┌────────
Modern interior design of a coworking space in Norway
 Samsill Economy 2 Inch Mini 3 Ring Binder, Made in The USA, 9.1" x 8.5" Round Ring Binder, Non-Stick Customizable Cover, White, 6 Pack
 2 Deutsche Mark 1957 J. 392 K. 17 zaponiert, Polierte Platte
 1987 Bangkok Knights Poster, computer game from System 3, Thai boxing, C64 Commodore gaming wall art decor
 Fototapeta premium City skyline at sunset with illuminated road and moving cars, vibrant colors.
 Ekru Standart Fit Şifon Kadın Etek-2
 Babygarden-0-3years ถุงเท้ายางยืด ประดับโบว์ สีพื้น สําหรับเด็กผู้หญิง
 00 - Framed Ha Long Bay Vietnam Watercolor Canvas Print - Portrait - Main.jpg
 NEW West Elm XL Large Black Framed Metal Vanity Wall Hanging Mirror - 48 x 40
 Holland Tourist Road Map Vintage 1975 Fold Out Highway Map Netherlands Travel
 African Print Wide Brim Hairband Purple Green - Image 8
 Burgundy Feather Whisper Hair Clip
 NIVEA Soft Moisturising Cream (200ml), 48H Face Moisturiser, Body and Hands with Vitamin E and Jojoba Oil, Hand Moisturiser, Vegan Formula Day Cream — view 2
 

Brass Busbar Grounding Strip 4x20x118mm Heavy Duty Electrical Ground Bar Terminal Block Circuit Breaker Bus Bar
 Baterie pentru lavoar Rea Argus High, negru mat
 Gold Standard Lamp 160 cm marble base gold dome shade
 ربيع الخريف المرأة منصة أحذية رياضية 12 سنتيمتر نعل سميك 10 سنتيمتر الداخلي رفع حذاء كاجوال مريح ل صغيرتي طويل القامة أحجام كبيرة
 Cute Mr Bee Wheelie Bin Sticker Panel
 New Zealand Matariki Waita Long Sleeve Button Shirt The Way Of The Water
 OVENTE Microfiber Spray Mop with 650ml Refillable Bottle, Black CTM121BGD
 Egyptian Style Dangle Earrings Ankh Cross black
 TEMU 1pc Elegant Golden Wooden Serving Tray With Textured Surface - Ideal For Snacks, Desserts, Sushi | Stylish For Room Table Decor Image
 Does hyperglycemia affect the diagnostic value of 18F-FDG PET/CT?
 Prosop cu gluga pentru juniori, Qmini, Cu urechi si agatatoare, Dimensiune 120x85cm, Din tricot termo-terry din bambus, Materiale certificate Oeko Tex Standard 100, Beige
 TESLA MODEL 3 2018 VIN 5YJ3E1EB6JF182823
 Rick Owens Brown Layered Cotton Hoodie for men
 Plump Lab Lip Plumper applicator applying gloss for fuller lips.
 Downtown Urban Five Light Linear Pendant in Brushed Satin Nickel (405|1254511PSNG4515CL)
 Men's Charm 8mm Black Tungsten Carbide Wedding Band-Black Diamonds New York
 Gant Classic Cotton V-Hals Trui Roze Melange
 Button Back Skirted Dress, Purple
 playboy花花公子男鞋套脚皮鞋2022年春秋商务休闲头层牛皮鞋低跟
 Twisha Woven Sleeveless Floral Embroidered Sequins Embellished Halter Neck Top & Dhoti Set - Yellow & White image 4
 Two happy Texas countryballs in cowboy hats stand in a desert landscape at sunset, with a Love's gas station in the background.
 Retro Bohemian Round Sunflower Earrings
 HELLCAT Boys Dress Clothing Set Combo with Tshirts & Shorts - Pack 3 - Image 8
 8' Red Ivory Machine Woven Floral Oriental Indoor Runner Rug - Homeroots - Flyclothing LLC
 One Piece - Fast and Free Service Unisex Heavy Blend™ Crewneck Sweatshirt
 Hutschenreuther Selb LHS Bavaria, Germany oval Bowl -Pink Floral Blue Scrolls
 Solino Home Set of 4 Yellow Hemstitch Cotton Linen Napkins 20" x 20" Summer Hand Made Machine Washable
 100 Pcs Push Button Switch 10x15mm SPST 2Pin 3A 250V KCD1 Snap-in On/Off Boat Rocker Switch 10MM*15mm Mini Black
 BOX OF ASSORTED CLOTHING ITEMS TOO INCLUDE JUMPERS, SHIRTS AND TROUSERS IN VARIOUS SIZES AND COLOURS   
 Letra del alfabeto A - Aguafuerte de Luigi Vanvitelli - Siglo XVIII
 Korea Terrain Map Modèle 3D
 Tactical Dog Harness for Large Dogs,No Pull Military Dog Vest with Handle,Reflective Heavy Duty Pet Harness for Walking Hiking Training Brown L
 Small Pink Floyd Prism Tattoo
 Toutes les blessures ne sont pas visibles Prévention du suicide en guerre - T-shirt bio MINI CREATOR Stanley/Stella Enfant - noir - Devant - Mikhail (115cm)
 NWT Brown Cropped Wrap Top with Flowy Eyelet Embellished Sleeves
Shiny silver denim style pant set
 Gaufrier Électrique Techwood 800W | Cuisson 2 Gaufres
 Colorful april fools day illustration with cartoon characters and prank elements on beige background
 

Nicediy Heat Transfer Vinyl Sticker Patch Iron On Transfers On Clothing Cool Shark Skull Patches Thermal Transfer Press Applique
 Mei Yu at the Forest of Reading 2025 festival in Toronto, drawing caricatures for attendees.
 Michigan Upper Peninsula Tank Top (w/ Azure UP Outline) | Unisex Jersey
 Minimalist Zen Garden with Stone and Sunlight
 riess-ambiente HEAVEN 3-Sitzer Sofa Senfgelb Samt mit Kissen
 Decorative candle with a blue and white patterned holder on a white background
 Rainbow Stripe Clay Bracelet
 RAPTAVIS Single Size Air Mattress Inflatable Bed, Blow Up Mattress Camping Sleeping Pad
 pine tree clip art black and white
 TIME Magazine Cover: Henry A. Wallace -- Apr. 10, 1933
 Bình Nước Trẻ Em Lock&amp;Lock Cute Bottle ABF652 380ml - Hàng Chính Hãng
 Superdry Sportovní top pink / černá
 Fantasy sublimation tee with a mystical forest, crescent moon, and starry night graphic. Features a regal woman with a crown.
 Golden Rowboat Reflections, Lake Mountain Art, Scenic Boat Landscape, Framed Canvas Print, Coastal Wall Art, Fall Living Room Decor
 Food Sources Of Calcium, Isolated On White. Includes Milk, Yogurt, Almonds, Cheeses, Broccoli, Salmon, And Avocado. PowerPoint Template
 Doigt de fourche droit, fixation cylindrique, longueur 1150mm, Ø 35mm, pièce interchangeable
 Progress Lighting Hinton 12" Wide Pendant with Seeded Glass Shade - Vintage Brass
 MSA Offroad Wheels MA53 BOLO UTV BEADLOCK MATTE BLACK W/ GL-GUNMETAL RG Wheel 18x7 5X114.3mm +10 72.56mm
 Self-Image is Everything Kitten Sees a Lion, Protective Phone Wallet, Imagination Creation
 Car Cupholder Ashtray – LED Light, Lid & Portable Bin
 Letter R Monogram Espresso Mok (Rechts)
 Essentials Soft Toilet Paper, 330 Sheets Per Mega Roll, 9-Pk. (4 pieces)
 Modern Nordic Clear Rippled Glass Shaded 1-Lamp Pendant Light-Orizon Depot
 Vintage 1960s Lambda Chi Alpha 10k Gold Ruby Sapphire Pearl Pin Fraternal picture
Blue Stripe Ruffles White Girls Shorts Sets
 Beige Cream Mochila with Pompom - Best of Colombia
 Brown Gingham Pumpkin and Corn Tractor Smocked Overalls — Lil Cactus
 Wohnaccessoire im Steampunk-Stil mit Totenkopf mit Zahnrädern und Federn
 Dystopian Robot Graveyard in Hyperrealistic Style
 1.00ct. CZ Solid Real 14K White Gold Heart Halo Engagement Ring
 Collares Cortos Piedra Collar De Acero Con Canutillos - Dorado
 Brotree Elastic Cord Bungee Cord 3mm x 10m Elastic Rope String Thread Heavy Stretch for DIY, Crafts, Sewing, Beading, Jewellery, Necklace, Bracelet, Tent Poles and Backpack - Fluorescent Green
└────────
Task to complete :: Of the entries above, transcribe exactly those lines that fall between the line containing "Egyptian Style Dangle" and the line containing "Does hyperglycemia affect", together with those two lines.

Solution ::
 Egyptian Style Dangle Earrings Ankh Cross black
 TEMU 1pc Elegant Golden Wooden Serving Tray With Textured Surface - Ideal For Snacks, Desserts, Sushi | Stylish For Room Table Decor Image
 Does hyperglycemia affect the diagnostic value of 18F-FDG PET/CT?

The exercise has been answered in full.